Fino a qualche decennio fa, Cabo Raso era un punto di raccolta della lana sulla Ruta 1, la strada nazionale che da Buenos Aires portava al Sud lungo la costa. Poteva contare sui benefici di un proprio porto naturale, aveva la Dogana, il commissariato e anche un hotel. La costruzione della più diretta e scorrevole Ruta 3 tra la capitale e la Terra del Fuoco nei primi anni Cinquanta, nel giro di qualche lustro ridusse Cabo Raso ad una cittadina fantasma. Qui sei anni fa, quando è partito il progetto El Cabo di Eduardo, restavano solo i ruderi disabitati di qualche casa, un bunker missilistico abbandonato dopo la disastrosa guerra delle isole Malvine e un’altalena di fronte all’Atlantico…
Oggi, racconta Eduardo mentre ci prepara degli hamburger di carne di guanaco e verdure, lui ed Eliane hanno ricostruito alcune casette con le loro mani, ricavandone un’abitazione per la famiglia, un salone dove accogliere chi passa (ci sono anche una piccola biblioteca e qualche oggetto di artigianato locale per chi volesse acquistare un souvenir) e poi cinque stanze da affittare a chi è intenzionato a fermare l’orologio della propria vita per qualche giorno nella wilderness patagonica… Ha lasciato l’altalena, ma il bunker è stato trasformato in dormitorio, e questo è il destino che attende anche un vecchio bus, uno de primi pullman a far servizio di linea nella provincia del Chubut. Eduardo l’ha trovato in disarmo in un deposito di Trelew, la sua città, e se l’è portato qui: entro l’inizio della stagione estiva dopo Natale avrà dieci cuccette e un piccolo disimpegno con qualche poltroncina dove ci si potrà intrattenere. Riciclando riciclando può succedere un miracolo… Eduardo deve tener duro: il demanio gli ha dato un permesso temporaneo per il suo progetto, in attesa della concessione, a patto che risieda stabilmente sul posto. Estate e… inverno. E non è facile. “Non sono pentito di aver lasciato Trelew, mi piace godermi questa solitudine, il mio vento patagonico, il turchese di questo oceano… Adesso comincia ad arrivare gente, abbiamo anche fino a 40 ospiti in certi giorni: viaggiatori, surfisti, globetrotter…E ogni anno a febbraio facciamo una festa preparando una grigliata alla cilena: la spiaggia si riempie di colori e di almeno 150 persone che passano insieme la giornata”.
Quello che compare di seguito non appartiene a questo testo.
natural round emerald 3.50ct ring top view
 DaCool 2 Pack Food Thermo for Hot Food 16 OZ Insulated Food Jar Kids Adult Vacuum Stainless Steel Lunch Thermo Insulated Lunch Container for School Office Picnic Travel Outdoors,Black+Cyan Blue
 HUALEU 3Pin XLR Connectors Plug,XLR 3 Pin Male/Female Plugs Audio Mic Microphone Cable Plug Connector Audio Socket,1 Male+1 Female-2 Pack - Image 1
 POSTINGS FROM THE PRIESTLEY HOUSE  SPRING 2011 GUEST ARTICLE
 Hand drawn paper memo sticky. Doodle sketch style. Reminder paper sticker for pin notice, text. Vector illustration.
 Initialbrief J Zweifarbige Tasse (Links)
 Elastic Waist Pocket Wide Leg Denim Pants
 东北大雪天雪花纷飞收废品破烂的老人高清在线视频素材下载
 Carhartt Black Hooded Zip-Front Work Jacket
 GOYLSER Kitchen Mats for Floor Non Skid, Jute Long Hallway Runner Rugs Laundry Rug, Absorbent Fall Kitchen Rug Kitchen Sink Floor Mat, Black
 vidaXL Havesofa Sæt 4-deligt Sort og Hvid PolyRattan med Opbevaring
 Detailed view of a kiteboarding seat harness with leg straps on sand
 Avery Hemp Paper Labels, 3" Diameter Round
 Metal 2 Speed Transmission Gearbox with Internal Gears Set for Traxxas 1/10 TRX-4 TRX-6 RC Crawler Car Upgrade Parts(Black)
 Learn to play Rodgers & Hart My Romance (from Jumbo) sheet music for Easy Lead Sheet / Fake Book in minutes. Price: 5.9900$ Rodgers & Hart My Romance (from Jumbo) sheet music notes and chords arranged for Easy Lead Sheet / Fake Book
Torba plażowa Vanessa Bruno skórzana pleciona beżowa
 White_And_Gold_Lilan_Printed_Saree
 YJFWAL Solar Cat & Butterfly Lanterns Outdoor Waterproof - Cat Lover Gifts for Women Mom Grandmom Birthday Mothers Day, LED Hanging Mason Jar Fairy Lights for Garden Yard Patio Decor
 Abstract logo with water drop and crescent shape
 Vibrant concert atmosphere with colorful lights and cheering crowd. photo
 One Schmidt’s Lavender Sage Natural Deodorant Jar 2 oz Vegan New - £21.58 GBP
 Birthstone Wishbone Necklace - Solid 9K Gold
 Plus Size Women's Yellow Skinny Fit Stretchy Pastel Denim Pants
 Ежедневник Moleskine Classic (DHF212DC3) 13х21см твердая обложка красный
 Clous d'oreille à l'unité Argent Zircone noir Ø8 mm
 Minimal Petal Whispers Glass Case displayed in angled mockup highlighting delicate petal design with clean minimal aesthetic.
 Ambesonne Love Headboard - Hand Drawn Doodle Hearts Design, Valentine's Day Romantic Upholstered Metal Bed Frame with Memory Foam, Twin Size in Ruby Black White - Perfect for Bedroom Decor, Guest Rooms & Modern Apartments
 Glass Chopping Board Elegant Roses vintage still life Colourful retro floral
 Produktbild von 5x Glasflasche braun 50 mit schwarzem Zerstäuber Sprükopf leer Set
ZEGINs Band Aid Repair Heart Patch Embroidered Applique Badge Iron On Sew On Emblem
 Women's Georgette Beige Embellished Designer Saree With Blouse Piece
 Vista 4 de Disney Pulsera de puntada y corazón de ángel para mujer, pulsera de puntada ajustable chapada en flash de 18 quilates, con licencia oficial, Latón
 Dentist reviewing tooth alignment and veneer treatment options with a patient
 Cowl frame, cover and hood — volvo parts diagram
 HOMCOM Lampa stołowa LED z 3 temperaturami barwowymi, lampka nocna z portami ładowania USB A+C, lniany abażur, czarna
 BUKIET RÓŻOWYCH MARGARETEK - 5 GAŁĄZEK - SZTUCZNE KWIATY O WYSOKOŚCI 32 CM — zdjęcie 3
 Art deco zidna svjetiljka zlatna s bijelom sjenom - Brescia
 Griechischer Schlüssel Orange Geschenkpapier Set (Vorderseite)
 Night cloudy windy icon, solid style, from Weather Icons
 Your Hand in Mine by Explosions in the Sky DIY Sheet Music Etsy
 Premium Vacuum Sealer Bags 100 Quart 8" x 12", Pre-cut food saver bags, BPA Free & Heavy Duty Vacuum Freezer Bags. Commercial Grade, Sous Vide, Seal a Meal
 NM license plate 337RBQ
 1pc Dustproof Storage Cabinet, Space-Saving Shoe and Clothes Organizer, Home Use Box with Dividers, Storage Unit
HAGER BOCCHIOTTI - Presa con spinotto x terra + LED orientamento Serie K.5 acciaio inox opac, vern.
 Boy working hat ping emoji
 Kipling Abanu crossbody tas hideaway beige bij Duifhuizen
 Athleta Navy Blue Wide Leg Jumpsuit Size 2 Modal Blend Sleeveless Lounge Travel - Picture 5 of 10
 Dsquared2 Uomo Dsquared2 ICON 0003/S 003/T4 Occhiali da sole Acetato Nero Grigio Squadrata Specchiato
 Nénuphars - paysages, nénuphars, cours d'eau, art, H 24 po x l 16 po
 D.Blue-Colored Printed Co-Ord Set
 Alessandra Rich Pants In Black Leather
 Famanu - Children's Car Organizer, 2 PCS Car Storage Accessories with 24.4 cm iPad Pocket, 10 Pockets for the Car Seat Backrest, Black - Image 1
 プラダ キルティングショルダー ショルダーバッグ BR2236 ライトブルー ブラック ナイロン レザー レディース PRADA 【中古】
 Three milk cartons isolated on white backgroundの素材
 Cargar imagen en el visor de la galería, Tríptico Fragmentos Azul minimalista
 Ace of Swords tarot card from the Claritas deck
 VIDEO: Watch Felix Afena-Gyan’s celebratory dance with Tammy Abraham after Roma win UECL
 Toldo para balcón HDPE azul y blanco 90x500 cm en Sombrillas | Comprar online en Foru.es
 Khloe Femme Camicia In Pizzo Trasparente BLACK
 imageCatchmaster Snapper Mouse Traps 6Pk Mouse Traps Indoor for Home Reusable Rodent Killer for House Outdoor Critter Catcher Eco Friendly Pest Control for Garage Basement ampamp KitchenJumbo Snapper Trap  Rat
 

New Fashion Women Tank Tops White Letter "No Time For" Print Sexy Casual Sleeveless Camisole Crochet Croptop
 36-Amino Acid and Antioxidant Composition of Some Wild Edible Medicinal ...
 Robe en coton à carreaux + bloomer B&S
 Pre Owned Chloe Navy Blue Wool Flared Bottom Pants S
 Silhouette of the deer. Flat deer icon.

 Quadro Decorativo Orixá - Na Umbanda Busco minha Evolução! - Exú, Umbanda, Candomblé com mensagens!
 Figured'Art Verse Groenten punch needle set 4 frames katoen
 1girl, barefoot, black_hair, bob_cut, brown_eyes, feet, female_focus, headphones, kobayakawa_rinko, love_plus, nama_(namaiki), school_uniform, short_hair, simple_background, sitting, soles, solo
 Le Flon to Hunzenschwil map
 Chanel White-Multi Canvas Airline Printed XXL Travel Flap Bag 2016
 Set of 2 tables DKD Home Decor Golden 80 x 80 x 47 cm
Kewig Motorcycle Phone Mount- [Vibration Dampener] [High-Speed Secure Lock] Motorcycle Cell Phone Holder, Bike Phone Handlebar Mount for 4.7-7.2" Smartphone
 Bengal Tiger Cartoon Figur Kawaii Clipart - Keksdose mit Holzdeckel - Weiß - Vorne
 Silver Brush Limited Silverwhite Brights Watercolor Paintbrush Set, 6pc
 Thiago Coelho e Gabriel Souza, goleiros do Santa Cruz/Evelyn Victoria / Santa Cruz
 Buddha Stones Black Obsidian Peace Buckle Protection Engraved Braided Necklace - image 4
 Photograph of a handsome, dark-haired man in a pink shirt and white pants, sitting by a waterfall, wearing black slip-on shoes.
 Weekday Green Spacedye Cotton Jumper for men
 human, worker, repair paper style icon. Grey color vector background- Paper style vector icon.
Intanto a riempire la domenica prenatalizia sono arrivati, oltre ai sei “vagabondi” italiani, anche una coppia di californiani con due figlie piccole. Adam ed Emily, con Colette, 4 anni, e la baby Sierra Luna nata sei mesi fa in Brasile, da quasi due anni girano per il Sudamerica con un camper Westfalia, fermandosi dove dice il cuore… Lui, surfista e fotografo, ha lasciato il suo lavoro nel cinema a Los Angeles, e con Emily ha iniziato una “ouropenroad”, la nostra strada aperta, un “cantiere” che strada facendo è piaciuto ad un colosso dei media americano. Ora fotografano e fanno reportage del loro viaggio. Sono diretti alla Terra del Fuoco e poi in Cile, dove vogliono passare l’inverno sulla neve e sciare prima di riavviarsi verso Nord.
Un meeting inatteso, dialoghi che vanno e vengono in inglese, castigliano e portoghese, scambi di informazioni, sbocconcellando insieme a tavola e poi sulla rena, davanti al vecchio bus. Sierra Luna, nata in viaggio, festeggia il “summit di Cabo Raso” poppando latte dal seno della mamma. Colette, Coco la Tigre come la chiama Emily, improvvisa una danza per tutti noi davanti al mare, leggera nel vento inesauribile della Patagonia. Cabo Raso? È proprio la fine del mondo… Almeno per noi. Almeno per ora.